Required action: Read each line of the material and note whether it contains "várunk". Give the number of such lines and nothing else.

Information given:
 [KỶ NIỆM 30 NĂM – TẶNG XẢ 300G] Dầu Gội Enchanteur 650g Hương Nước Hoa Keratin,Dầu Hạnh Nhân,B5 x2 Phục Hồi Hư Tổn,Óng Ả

--

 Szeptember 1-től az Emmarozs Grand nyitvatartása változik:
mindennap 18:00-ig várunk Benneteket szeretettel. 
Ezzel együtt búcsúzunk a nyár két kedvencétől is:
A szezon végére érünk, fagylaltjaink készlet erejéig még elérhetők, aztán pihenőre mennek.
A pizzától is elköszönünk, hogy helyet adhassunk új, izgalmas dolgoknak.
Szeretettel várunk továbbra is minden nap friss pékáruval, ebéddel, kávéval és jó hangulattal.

--

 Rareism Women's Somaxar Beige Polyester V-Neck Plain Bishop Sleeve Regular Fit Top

Task output: 2